Figure 2 - Goals of operators’ network automation
With 5G bringing faster data rates and early use cases like enhanced mobile broadband
and fixed wireless access, it becomes even more critical for operators to overcome
customer pain points to give them a seamless customer experience and successfully
launch and optimize new quality services. As operators deploy their 5G, they must
implement the correct assurance strategy.
5
The cornerstone to achieving real-time
subscriber analysis
For 5G, operators must gain a service-level awareness and understand the customer
experience through their subscribers' eyes. For example, is the subscriber trying to watch
streaming video on a device that recently had its firmware updated and is now suffering
from repeated buffering? In this case, monitoring the resource and network layer is not
enough. To understand why the video is not streaming adequately, we need to see the
end-to-end service layer.
Operators can do this by integrating a probe layer into their assurance strategy that
allows them to understand the end-to-end service quality, includes real-time subscriber
analytics, and provides troubleshooting tools. End-to-end, containerized probing enables
the operator to;
• Enrich network analytics with real-time subscriber analytics to understand the
end-to-end service quality and troubleshoot network degradations
• Integrate service assurance with network orchestration to drive closed-loop
automation
• Deploy automated assurance that is containerized and controlled by Kubernetes
to deploy and scale as part of the service lifecycle
Figure 3 – Source: Analysys Mason - Telecoms automated assurance segmentation
With this strategy in place, operators will deliver a superior customer experience that will
build brand loyalty, provide an edge over competitors, and enable operators to manage
the complexity of a cloud-native 5G core.
6
Probe-based assurance advantages Probe-based assurance is key to gaining real-time subscriber and service analysis that
provides an understanding of the customer experience, gives insights into the end-to-end
service quality and is essential for troubleshooting new services.

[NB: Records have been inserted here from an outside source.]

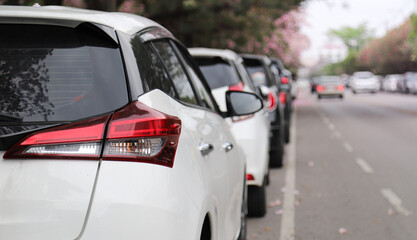 Closeup of rear, back side of white car parking beside the street.
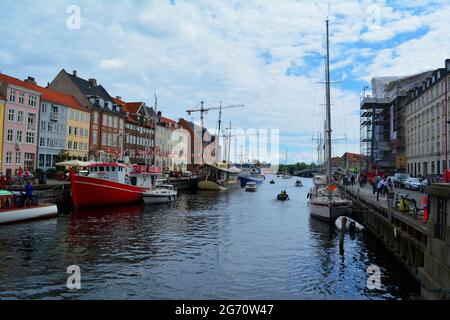 Copenhagen, Denmark- July 2021: Colorful old houses, cafes and restaurants, with boats docking along the canal of Nyhavn (New Harbour) on a gloomy day Stock Photo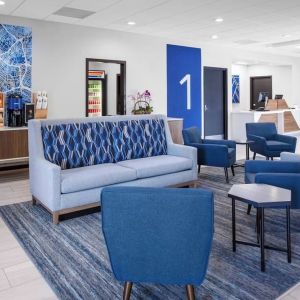 Lobby and coworking lounge at Holiday Inn Express & Suites Hermosa Beach.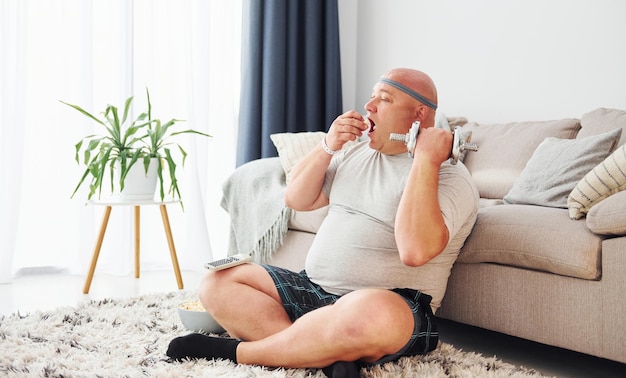 Eet en doet oefeningen Grappige dikke man in vrijetijdskleding is binnenshuis thuis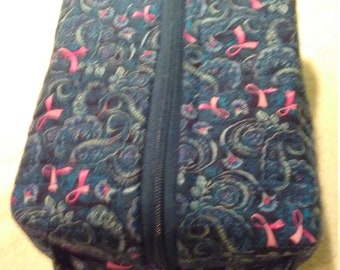 Cosmetic bag with breast cancer print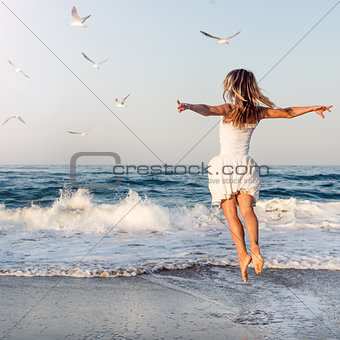 Beautiful girl  jumping on sea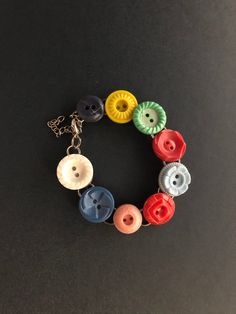 a bracelet made with buttons and chains on a black surface, the beads are multicolored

“A probe-based approach is an essential part of the end-to-end a customer experience and
service quality management solution.”
TMForum
“Probes will play a vital role in supporting efforts to improve the customer experience.”
Analysis Mason
When measuring the detail of a customer’s end-to-end service performance, probes are
the most effective way to gain real-time subscriber analytics and service performance
insights. Probes enable real-time and historical end-to-end call tracing from the user
device to the core network and generating XDRs (eXtended Detail Records) per session
per subscriber that contains vital information about single-user sessions.
XDRs are transmitted from the probing layer to a central backend processing and
mediation layer where the XDRs are further processed (enrichment, correlation,
aggregation, alarming) and inserted into a database. In parallel, raw packets are stored
locally in the probe’s storage and are available for packet-level tracing.
In essence, probes watch all the traffic that flows through the network and filter out
individual transactions to compute the service quality experienced by each call or data
transfer. They provide granular data that allows operators to determine the service
quality at a per-service (QoS) and per-user (QoE) granularity across multiple transport
technologies.
7
Figure 4 - Probe-based data offers engineers the ability to view full decodes of captured
packets
This real-time subscriber and service analysis provides a different dimension to the
network-focused data. Network counters don’t look at the customer experience and
don’t give the end-to-end picture, and there is no correlation. Therefore, the operator
can't use this data to understand the end-to-end service quality. They don't have the raw
trace that includes checking real-time and historical data per user at the packet level
troubleshoot. Probes capture all signaling and user data events in the networks and
integrate it into the operators' assurance solution.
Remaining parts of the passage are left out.